Saw a grasshopper making strange movements too. Removed them i dont wanna take risk, Bah. Only the dubias seem not affected by this.. ( have them a long time) I fed the little ones yesterday dubia goo. Those flies are too slow with coming out of their cocons. But the L4s are hard to handfeed. Everything looks so big in their eyes. Cleopatra enjoyed a piece of a dubia.

The dubia female I wanted to give Chochise for distraction during mating is still alive and healthy.

I thinking what to buy, would it be safe to buy some fruitflies so the little ones can eat that, or staying with dubia goo? the flies ares low. I have even a box with fly pupea standing on my comp to fasten the transformation  with heat that comes from comp and they will come so I can feed them to the nymphs.

It is so hard to think what is safe for them to eat.


----------



## MantisGirl13 (Aug 28, 2018)

Fruit flies can be good food for nymphs like that. I have my budwings trained, so if I hold a piece of dubia goo, or moth about an inch in front of their faces, they will come up and take it from me right away, without even tasting it first!

- MantisGirl13


----------



## kwright (Aug 28, 2018)

I heard somewhere that water gel may have chemicals in it that, given too frequently could be bad for the feeder bugs. I wonder also if maybe there is mold in your water gel? Or in the feeder food?


----------



## Mantis Lady (Aug 28, 2018)

MantisGirl13 said:


> Fruit flies can be good food for nymphs like that.

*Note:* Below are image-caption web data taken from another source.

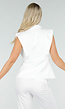 Witte Mouwloze Blazer Top met Knopen en Reverskraag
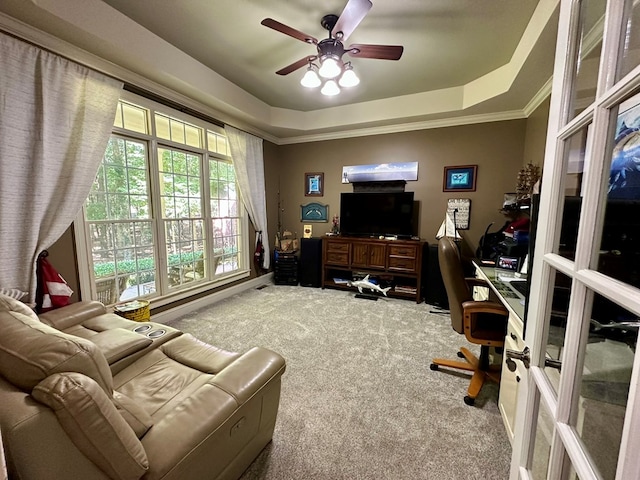 105 Lake View Dr, Hamilton, GA 31811 - office area featuring carpet, a raised ceiling, a ceiling fan, and ornamental molding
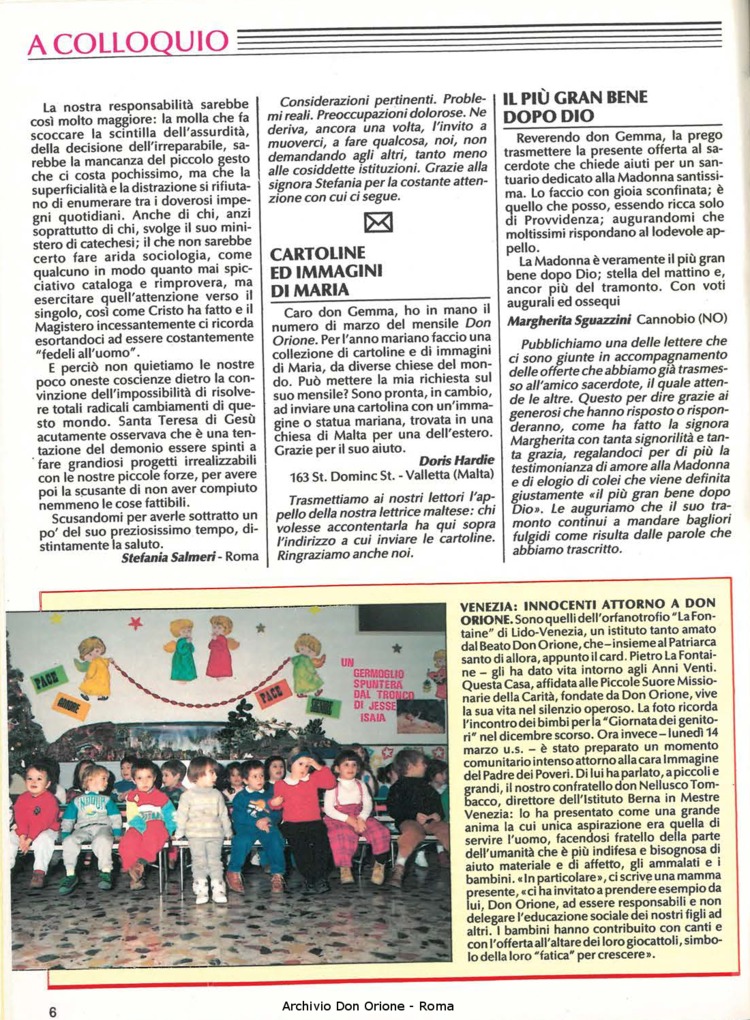 Don Orione, 83, 05, 01-05-1988, pagina 6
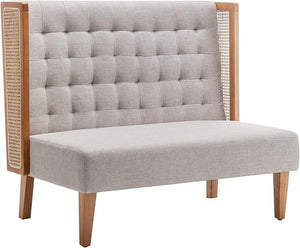Mid-Century Modern Loveseat with Rattan Arms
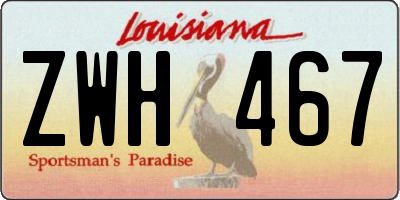 LA license plate ZWH467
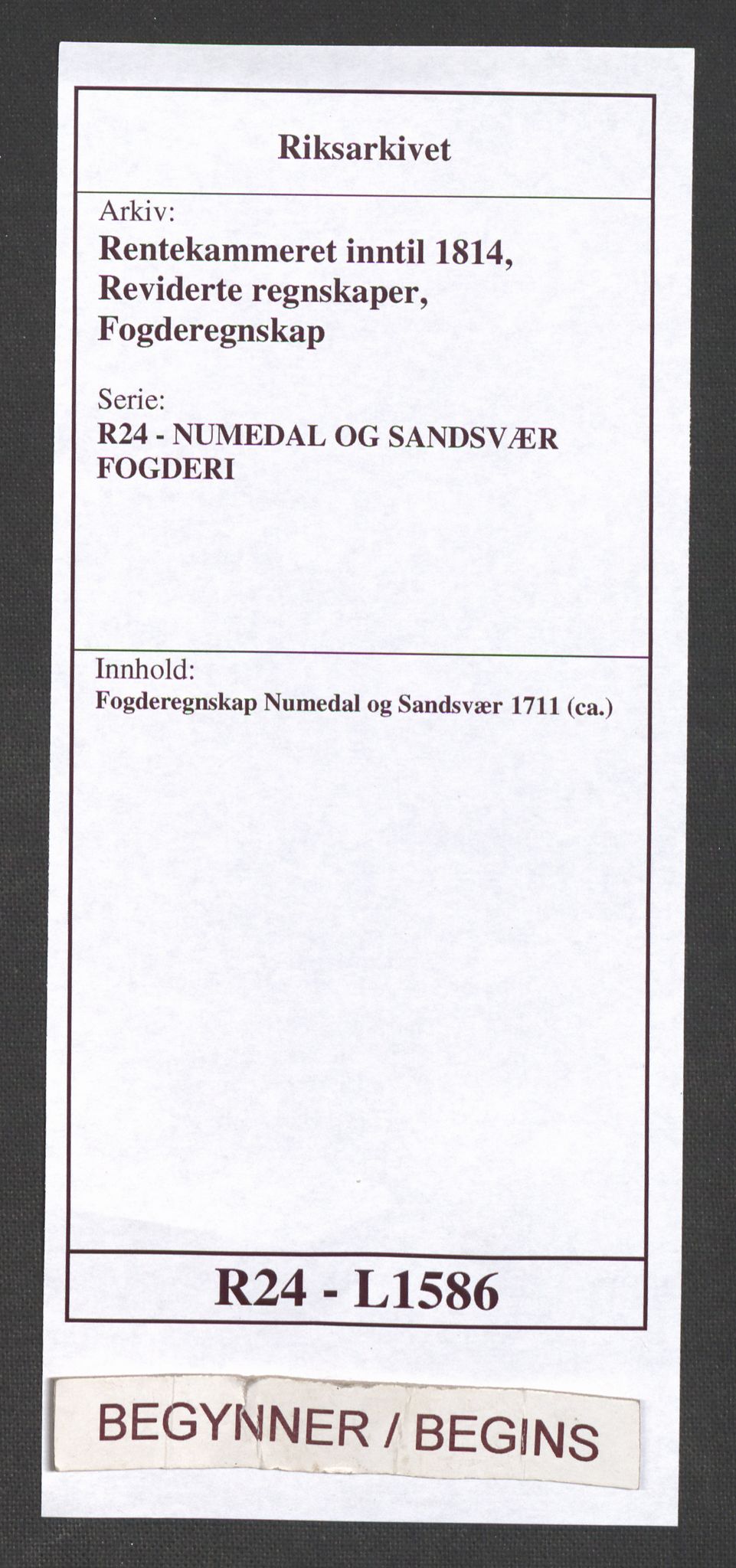 Rentekammeret inntil 1814, Reviderte regnskaper, Fogderegnskap, RA/EA-4092/R24/L1586: Fogderegnskap Numedal og Sandsvær, 1711, s. 1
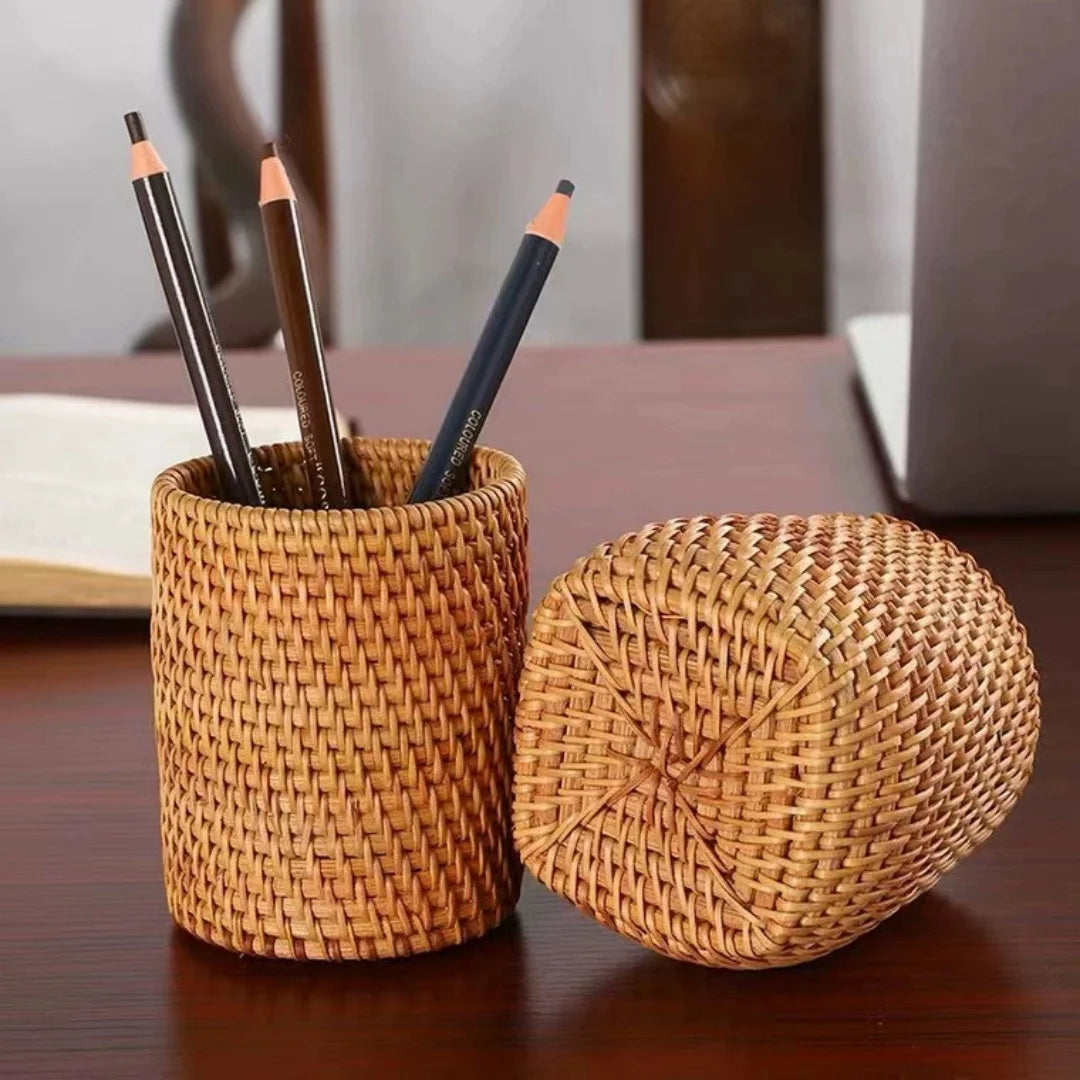 Rattan Pencil Holder, Handmade Wicker Pen Cup Makeup Brushes Holder, Woven Vine Desk Organizer Pen Container Box
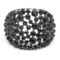 TANOS - Fashion Silver Plated Bangle Big Like Antique W/ Round Black Faceted Stone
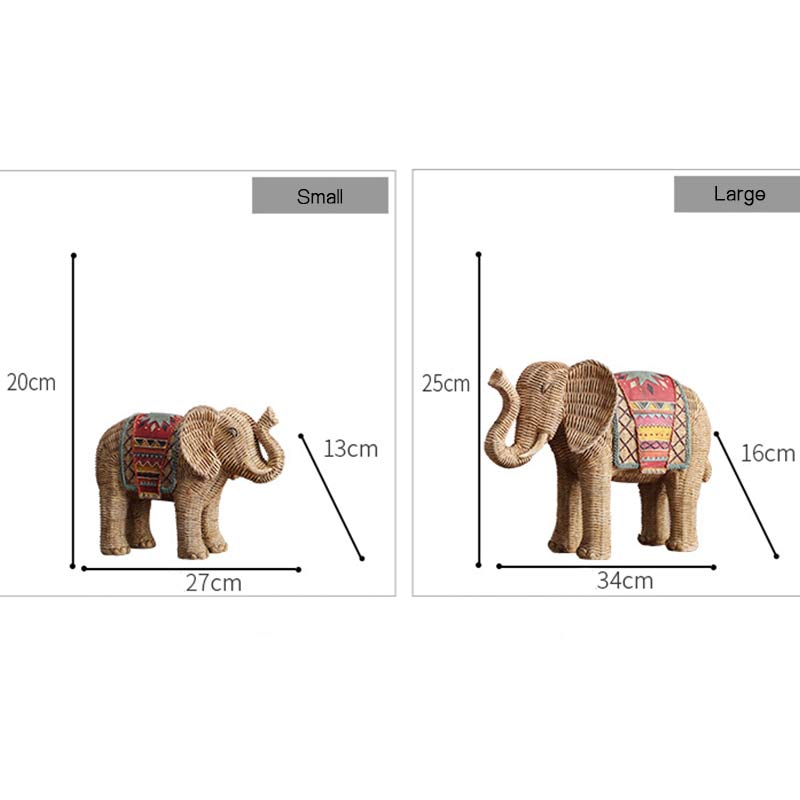 Decorazione per la casa in resina con elefante, saggezza e ricchezza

Yeah, mantis 2 ate directly the fruitflies. Mantis1 not yet I hope. They molted last night. Mantis1 abdomen is very flat, it needs to eat. hope hunger feeling

will come and dinner is ready.



kwright said:


> I heard somewhere that water gel may have chemicals in it that, given too frequently could be bad for the feeder bugs. I wonder also if maybe there is mold in your water gel? Or in the feeder food?﻿ ﻿


oh? thought that was safe to give to feeders?. so they don't drown in water? It looks clear, The food i opend a few weeks ago in vacation. Looks normal too..


----------



## Prayingmantisqueen (Aug 28, 2018)

Little Mantis said:


> oh﻿? th﻿ought that was safe to give to feeders?. so they don't drown in water? It looks clear, The food i opend a few weeks ago in vacation. Looks normal too..﻿


I have heard, although have not experienced as I don't use the water gel that it can expand in the mantids digestive track and cause death. 

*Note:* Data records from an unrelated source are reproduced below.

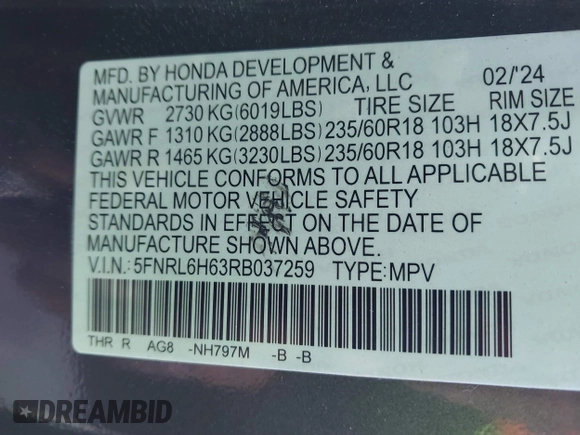 2024 Honda Odyssey EX-L with VIN 5FNRL6H63RB037259, listed as a IAAI auction lot 41665850 with 2,710 mi miles and . Bid and sale history available at DreamBid. Image 9.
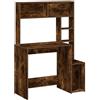 vidaXL Scrivania Mensole Rovere Fumo 100x45x140 cm Legno Multistrato, scrivania da Computer, scrivania autoportante, scrivania con mensole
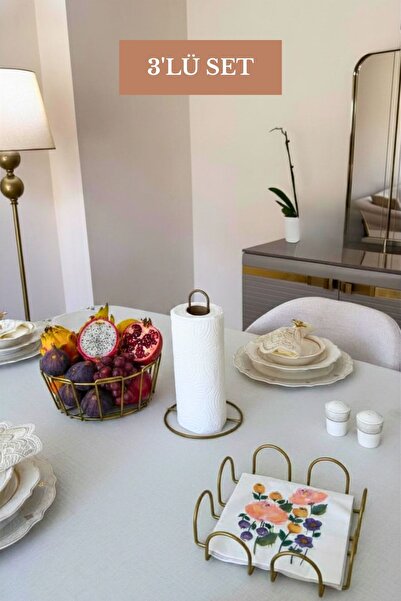 Edora Home مجموعة من 3 قطع من حامل المناديل الورقية المربعة باللون الذهبي غير...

I just mist the cricket cage lightly or would use a sponge with water.


----------



## MantisGirl13 (Aug 29, 2018)

That is interesting. I think you should try to not use the water gel and see what happens. Hopefully that is the problem! I am glad #2 is eating, and I hope that #1 eats soon!

- MantisGirl13


----------



## Mantis Lady (Aug 29, 2018)

@Prayingmantisqueen @MantisGirl13

I saw #1 eating  1 fruittfly.. It got at least something inside it's belly. hope it eats more fruitfflies. But seems not a big eater..

I removed the watergel and gave a piece of sponge with water in it. I don't have crickets at the moment I have bought baby grasshoppers for Cleopatra. it is weird i have ben been using water gel for feeders at least a half year. But i am still wondering if the blue bottle flies will still hatch. There is more meat on them.


----------



## Prayingmantisqueen (Aug 29, 2018)

I hope that it works better for you! I hope they keep eating good


----------



## kwright (Aug 29, 2018)

Little Mantis said:


> I removed the watergel and gave a piece of sponge with water in it.


I would change the sponge out regularly. Not clean, but change. And is it a regular kitchen sponge or a sea sponge? Kitchen sponges can have dyes that will make your insects sick and sponges themselves are notorious for holding bacteria and mold when left wet.


----------



## Prayingmantisqueen (Aug 29, 2018)

Prayingmantisqueen said:


> I have heard, although have not experienced as I don't use the water gel that it can expand in the mantids digestive track and cause death.
> 
> I just mist the cricket cage lightly or would use a sponge with water.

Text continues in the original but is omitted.